# WHAT TO DO
With pictures left out, please repeat word for word the lines from the one containing "Chanel Model: S1160 Size: 26cm" through the end of the records.

————

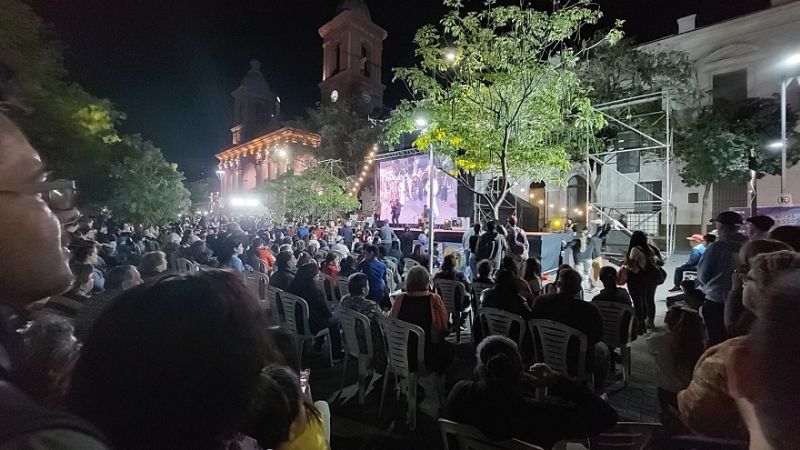 Más de 4000 personas participaron de “La Noche de los Paseos, especial Turismo”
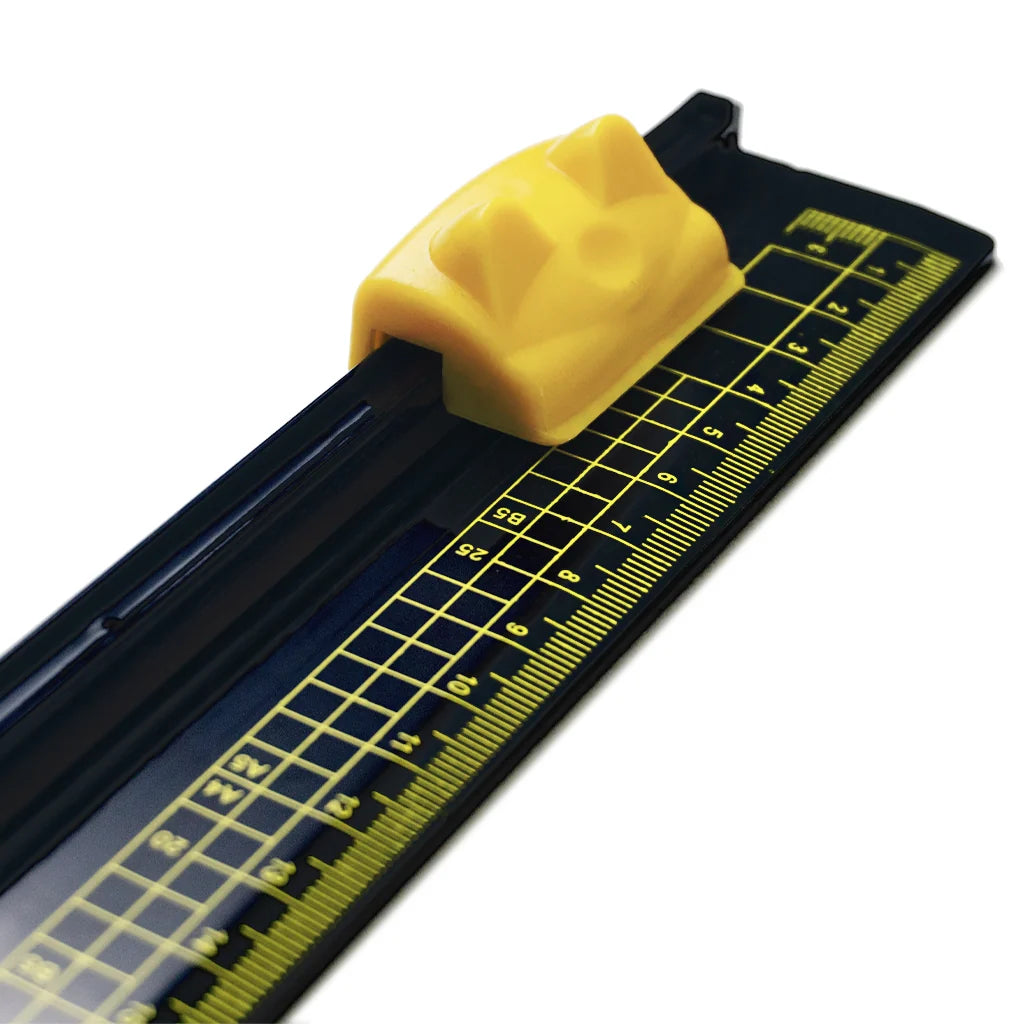 Manual Sliding Trimmer Cutting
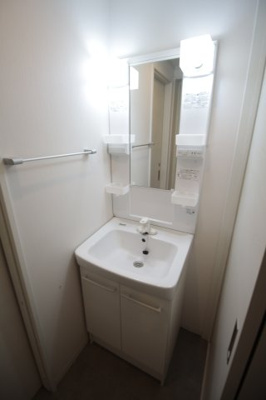 【洗面所】 | AQUE5 | あるととても便利な独立洗面台！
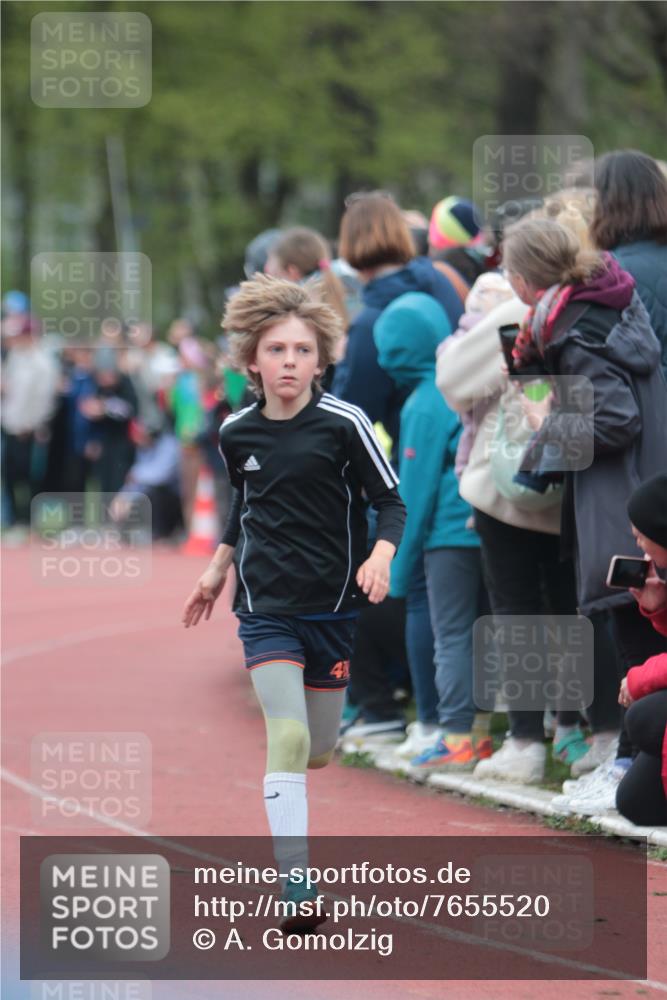 13.04.2025 - Hammer Lauf A. Gomolzig http://msf.ph/oto/7655520 13.04.2025 09:23:08 Ziel 424, 755, 790, 891, 1072, 1133, 1160, 1418, 1422, 1530, 1532, 1729, 1764, 1770, 1922 meine-sportfotos.de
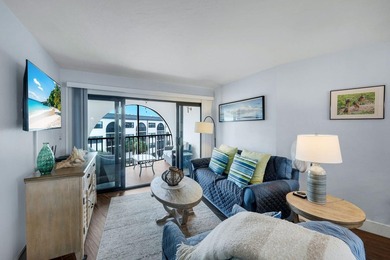 This completely renovated one-bedroom, one-bathroom condo at - photo 2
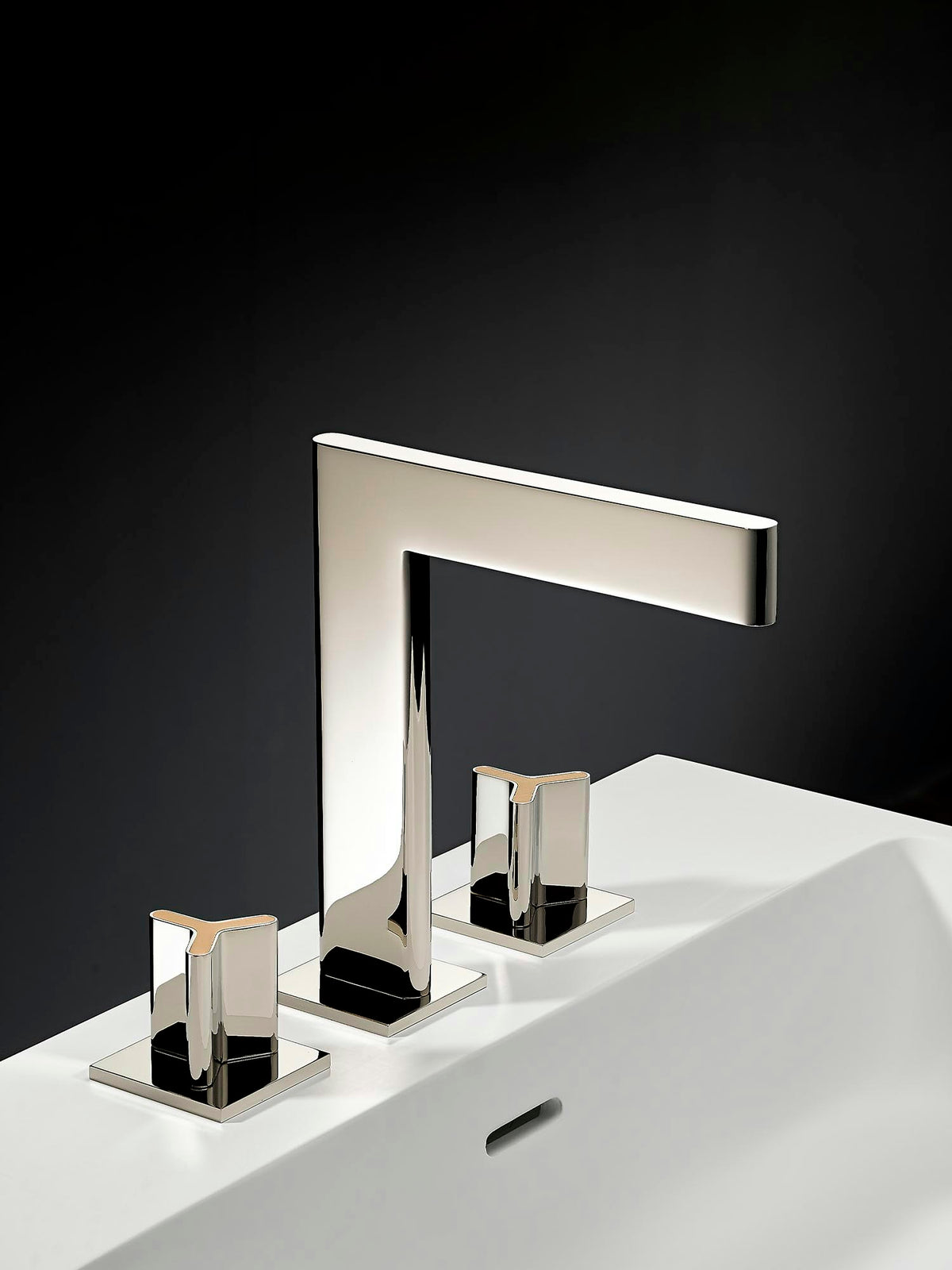 THG Icon-X Metalleinlagen – Lifestyle / Ambiente – COLL_U7J_Diapo_05.jpg
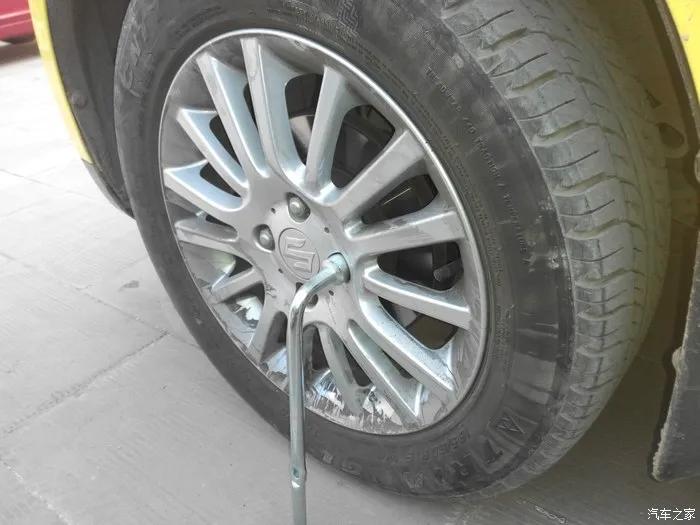 走烂路刹车卡钳哐当异响,刹车卡钳异响如何用扎带处理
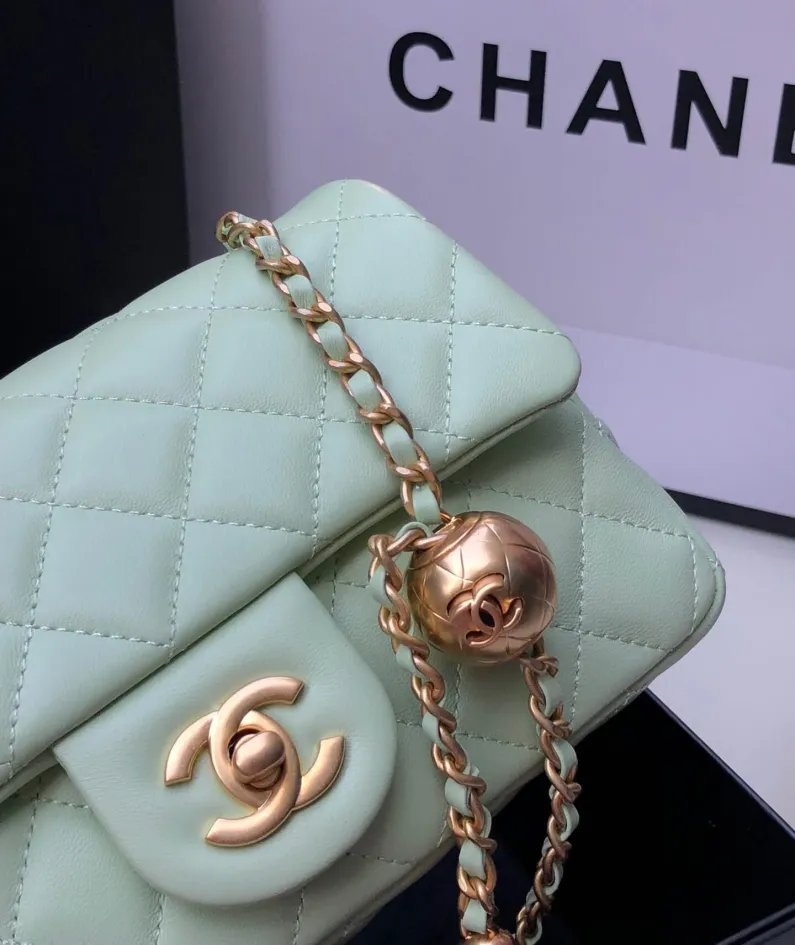 Chanel Model: S1160 Size: 26cm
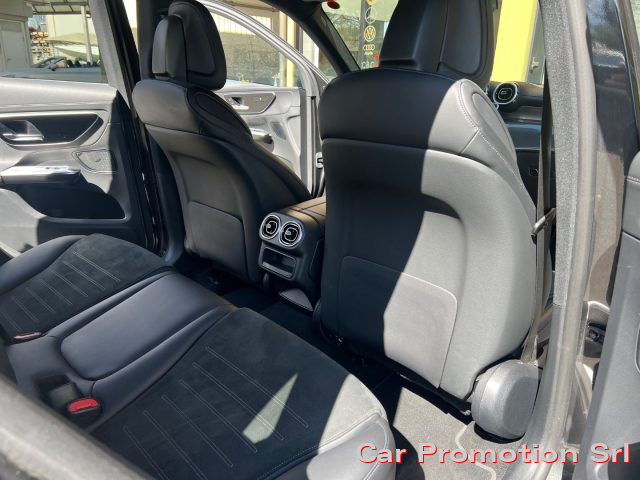 Mercedes-Benz GLC 220 d 4Matic Premium, del 2023, 51.000 km, in vendita a Como (CO)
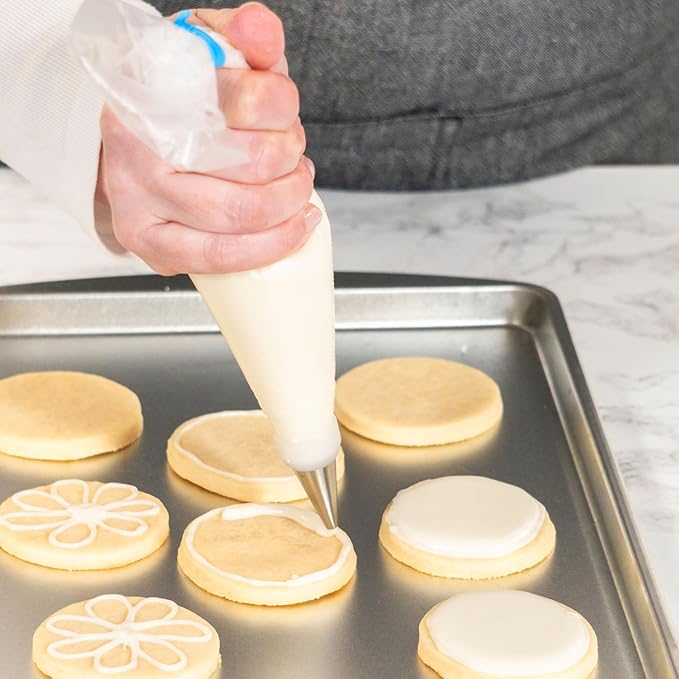 Bakerpan White Royal Icing Mix for Decorating Cookies and Cakes - 16 Ounces (1 lb) (Made in USA)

————

# OUTPUT BELOW
 Chanel Model: S1160 Size: 26cm
 Mercedes-Benz GLC 220 d 4Matic Premium, del 2023, 51.000 km, in vendita a Como (CO)
 Bakerpan White Royal Icing Mix for Decorating Cookies and Cakes - 16 Ounces (1 lb) (Made in USA)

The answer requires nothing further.